Cisco discusses snowshoe spam in an August 2014 blog post. Researcher Alex Chiu points out that while neither the snowshoe method nor the PDF exploit is novel, Cisco is seeing a growing trend in the use of snowshoe spam. Anti-spam systems are very effective at identifying and isolating spam. Typically, they can have a 99.9 percent success rate, and that’s an important figure for anyone interested in keeping networks, whether small or large, safe from the security threats posed by malicious email. But it’s the .1 percent that worries us, and as Cisco points out, “spammers try just about anything to evade spam filters. To ensure that spam reaches its intended audience, spammers are increasingly using these tactics to avoid detection by IP-based anti-spam reputation technologies.”

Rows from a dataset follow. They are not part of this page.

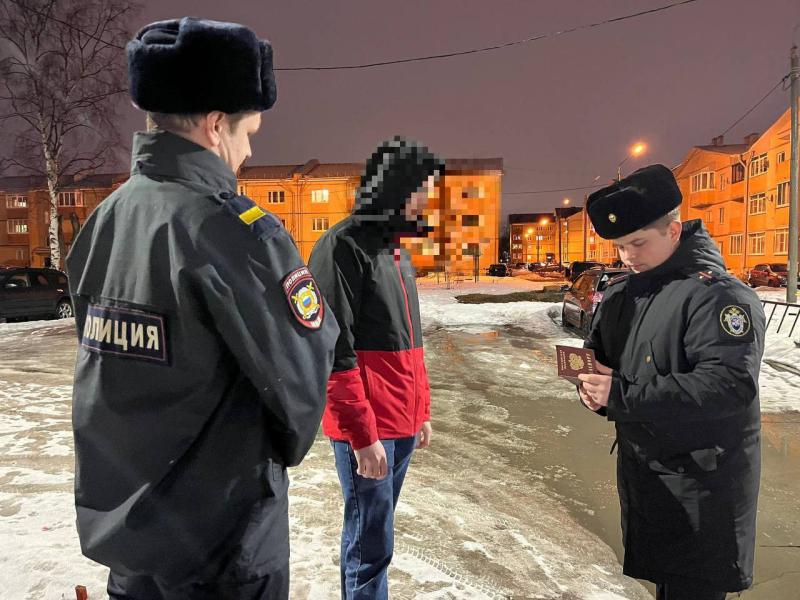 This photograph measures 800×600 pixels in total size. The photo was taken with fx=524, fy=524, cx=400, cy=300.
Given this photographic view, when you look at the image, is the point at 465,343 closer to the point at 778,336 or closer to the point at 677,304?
the point at 778,336

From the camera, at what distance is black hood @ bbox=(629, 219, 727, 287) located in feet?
6.81

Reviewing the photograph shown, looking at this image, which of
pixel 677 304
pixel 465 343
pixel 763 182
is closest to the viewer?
pixel 677 304

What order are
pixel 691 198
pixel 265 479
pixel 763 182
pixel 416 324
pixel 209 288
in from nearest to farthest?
pixel 209 288, pixel 265 479, pixel 416 324, pixel 763 182, pixel 691 198

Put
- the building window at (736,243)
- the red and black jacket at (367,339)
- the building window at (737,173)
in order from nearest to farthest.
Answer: the red and black jacket at (367,339) < the building window at (737,173) < the building window at (736,243)

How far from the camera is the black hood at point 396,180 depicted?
226 cm

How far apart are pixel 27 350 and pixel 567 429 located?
11.1m

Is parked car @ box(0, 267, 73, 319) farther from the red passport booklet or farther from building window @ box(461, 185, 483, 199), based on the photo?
the red passport booklet

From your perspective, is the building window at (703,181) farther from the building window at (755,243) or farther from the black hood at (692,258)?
the black hood at (692,258)

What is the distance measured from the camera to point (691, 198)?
158ft

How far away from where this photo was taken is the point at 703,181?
4778cm

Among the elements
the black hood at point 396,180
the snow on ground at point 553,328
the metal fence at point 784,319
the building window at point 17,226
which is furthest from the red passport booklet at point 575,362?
the building window at point 17,226

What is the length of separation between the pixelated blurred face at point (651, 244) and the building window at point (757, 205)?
46.9 meters

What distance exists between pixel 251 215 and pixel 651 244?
1691 millimetres

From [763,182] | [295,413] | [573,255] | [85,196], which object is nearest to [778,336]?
[295,413] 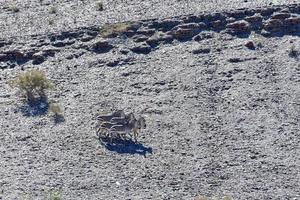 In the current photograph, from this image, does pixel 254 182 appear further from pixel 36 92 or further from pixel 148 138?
pixel 36 92

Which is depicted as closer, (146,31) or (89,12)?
(146,31)

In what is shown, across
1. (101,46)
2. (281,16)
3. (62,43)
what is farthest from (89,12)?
(281,16)

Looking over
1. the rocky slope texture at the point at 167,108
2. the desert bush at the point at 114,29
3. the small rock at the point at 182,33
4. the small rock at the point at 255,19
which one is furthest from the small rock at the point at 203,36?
the desert bush at the point at 114,29

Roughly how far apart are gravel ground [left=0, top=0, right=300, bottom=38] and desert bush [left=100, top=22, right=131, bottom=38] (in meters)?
0.46

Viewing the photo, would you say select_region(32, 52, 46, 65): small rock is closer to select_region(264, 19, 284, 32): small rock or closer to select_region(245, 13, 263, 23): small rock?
select_region(245, 13, 263, 23): small rock

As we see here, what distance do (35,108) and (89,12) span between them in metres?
6.78

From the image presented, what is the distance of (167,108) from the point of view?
93.2 ft

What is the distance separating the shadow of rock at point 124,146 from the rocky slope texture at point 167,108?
0.05 meters

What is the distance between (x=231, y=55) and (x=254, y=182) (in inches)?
288

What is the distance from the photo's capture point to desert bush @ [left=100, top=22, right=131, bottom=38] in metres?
33.0

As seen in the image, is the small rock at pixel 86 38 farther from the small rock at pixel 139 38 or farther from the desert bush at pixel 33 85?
the desert bush at pixel 33 85

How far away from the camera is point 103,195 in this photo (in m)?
24.2

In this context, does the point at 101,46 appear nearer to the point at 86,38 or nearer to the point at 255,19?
the point at 86,38

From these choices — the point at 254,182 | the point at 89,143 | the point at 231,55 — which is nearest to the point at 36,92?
the point at 89,143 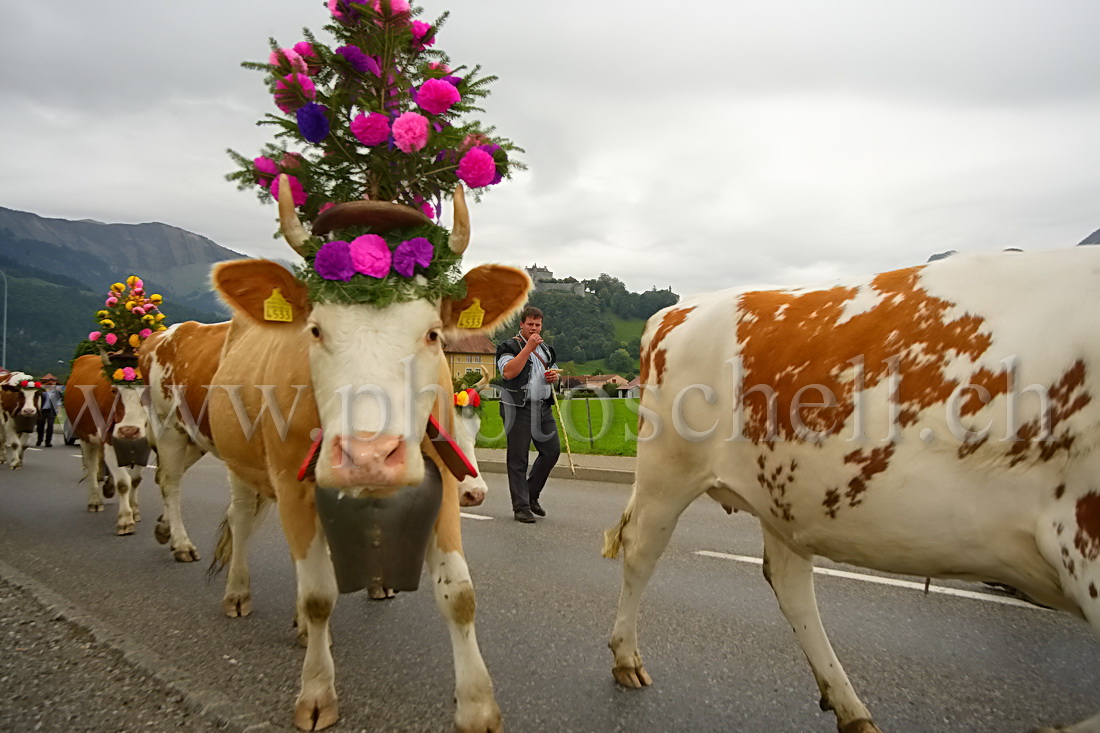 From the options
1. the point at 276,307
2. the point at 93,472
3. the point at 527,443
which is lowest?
the point at 93,472

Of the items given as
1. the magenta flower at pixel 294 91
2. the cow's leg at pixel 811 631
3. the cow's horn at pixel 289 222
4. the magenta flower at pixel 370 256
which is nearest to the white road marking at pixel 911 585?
the cow's leg at pixel 811 631

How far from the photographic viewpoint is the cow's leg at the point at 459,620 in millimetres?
2594

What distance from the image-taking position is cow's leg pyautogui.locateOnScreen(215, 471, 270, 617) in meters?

“Snowshoe spam can be a challenge for some anti-spam detection techniques,” Chiu writes, “because it typically uses multiple IP addresses with very low spam volume per IP address. Depending on how an anti-spam technology works, this can cause severe problems with detection.”

Chiu points out that there are ways to mitigate the threat. “One of the best ways to combat snowshoe spam is to rely on more than simple reputation. While the DNS infrastructure is highly mutable – especially when using technologies like Dynamic DNS – the IP infrastructure is not. In this particular spam campaign, a large majority of the spam messages we observed came from a different IP address. Classic snowshoe spam.” The post provides a link to about 250 IP addresses that Cisco observed participating in the spam campaign, and that list can be found here.

Because many of the IP addresses observed in the campaign didn’t have a record of sending emails before, it’s safe to assume that the offending machines have been compromised as part of a botnet.

Yet another year, yet another threat of which to take note.